Jabberwocky
Frumious Bandersnatch
this is completely false- i consider it bad science to publish computational results without accompanying experimental validation. i came from theroretical physics (but actually computer science, long story) where they are really antsy about it, though in that case analytical proof is also expected, because of a number of high profile retractions over the years. i don't trust computational results without complementary evidence and its why i'm wary of your claims about this weird phylogeny- phylogeny is well known to be dodgy. i have never published without experimental verification of my results, the role of computing in my view is to reduce the burden on experimentalists, i can point them in the right direction and together we achieve results that would be impossible without computational input.As I said earlier in science it is a good idea to take nothing at face value and take no-ones' word, Nullis in verba.
Ideas stand or fall on the evidence, which is why I tend to be leery of the bio-proteomics-metabolomics-omics informatics revolution. on the whole it falls short of meeting the threshold for reproducible, repeatable, testable science. The most interesting feature of nu-science is the lack of supporting evidence, the lack of critical peer review and lack of engagement with people asking difficult questions like so..? and...? why..? response is Computer says yes. Model says yes. That is why I asked for your comment on the sequencing field where you are comfortable.
the results of this collaboration between bio and computer scientists speak for themselves, but i do agree as i said in a previous post, a lot of dodgy shit is done. unfortunately, this is because a lot of biologists who lack even basic mathematical skills, let alone complexity theory, think they can design and implement algorithms themselves, with no formal engineering tuition or experience. obviously i will defend my own profession but the things i've seen in code bases since moving to biosciences makes my skin crawl. thankfully people are wising up to it and people such as myself are able to find gainful and interesting employment as a result.
back to the sequencing:
I don't think using R is significant per se, R is commonly used all over the place because of the bundled stats and graphing features. Yes it would be more computationally efficient not to use R but the end rsult should be the same. What I am more interested in is your comment about how the sequencing was performed, from what I can determine it could be done using many different methods as CoG use rapid sequencing and many flavors of techniques in different labs, the CoG statement looks like hand waving.

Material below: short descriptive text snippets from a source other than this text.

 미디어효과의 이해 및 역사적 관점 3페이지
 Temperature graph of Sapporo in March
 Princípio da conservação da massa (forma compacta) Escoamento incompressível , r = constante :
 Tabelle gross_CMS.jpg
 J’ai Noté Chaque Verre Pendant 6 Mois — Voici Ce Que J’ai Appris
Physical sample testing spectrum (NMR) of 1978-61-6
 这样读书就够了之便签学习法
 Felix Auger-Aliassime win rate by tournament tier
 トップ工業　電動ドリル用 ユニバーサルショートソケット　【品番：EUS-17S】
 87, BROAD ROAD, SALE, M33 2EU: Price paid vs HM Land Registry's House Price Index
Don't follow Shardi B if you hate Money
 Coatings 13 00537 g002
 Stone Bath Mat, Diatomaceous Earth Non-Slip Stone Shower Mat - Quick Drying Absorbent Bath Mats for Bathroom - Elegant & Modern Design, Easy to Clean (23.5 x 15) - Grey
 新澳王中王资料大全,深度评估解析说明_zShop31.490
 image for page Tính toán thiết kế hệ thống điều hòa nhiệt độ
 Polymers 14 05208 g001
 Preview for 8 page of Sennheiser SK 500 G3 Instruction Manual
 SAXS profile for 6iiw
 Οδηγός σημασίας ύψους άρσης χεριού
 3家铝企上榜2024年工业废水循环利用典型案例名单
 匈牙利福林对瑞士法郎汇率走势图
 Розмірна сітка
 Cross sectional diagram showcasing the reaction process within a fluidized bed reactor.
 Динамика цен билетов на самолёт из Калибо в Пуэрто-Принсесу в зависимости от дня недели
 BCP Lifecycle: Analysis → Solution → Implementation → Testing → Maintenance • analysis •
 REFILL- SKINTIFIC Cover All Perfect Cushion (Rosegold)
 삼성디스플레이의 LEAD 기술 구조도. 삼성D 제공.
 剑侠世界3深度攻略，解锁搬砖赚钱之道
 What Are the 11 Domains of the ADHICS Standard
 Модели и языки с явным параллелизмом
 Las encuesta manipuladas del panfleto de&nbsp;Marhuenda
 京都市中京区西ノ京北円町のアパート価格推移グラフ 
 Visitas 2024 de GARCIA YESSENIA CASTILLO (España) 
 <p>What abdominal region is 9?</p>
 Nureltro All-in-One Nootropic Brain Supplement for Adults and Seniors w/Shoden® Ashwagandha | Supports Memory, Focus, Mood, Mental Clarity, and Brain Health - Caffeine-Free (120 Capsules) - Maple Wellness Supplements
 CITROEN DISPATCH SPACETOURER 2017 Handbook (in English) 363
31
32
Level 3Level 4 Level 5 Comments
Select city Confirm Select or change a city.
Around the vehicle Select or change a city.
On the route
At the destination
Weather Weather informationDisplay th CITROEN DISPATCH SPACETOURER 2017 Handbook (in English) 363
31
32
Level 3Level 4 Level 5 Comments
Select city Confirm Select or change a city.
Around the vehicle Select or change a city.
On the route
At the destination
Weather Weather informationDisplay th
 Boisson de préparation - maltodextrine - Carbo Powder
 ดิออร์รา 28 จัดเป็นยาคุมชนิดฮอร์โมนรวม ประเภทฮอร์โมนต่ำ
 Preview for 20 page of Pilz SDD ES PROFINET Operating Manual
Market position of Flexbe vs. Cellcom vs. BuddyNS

My understanding is the depth of the sequence overlap and the reliability of the technique is key yet so far these data are not obviously public. Remember the variant was sequenced in early October from the MK sample, so at least 60 days ago. I am much more interested in how robust this all is, sequencing and tracking lineages has the potential to give useful information but knowing how fuzzy the info is would be very useful, no point knowing anything without knowing the error.
But if we go ahead with the assumption the sequence and genetic distance is correct then a plausible explanation of how this could happen is needed, the thing went stealth for a long time and re-appeared with a lot of nice new mutations, if this is something that can happen again and again then this mechanism may be a big deal.
the use of R signifies the plotting was probably done as part of an off the shelf package (as in part of bioconductor, i prefer seaborn which is also an off the shelf package but for a real programming language with a proper type system!). i said earlier there will be no good off the shelf package for this type of analysis, especially in light of the your suggestion that many different library prep and sequencing modalities were used to generate the data. usually packages are specific to one type of data, illumina, nanopore, illumina, pacbio, illumina, sanger cos it was written in 1996, illumina, illumina but claiming it can work for all sequencing modalities. anyway its possible that the data plotted were obtained using bespoke code so its just speculation, but when i see a graph plotted in R i can be pretty sure whoever plotted it doesn't know much about programming.
a possible explanation of how this could occur is needed. it really is too early to tell. until they have published their data and methods its not possible for an outside to suggest a plausible explanation, so the one mentioned in the paper is our best guess. it almost certainly can happen again and again and that is indeed a concern. thankfully if they change the spike protein too much it will no longer be able to bind to receptors, and hopefully the vaccine should work with more minor modifications of the spike protein.
@JGrimez quoting VAERS really merits no response. anyone can publish to it without demonstrating that the adverse event is linked to the vaccination.
the principle of vaccination has been around for hundreds of years, longer than the modern gold standard for clinical trials.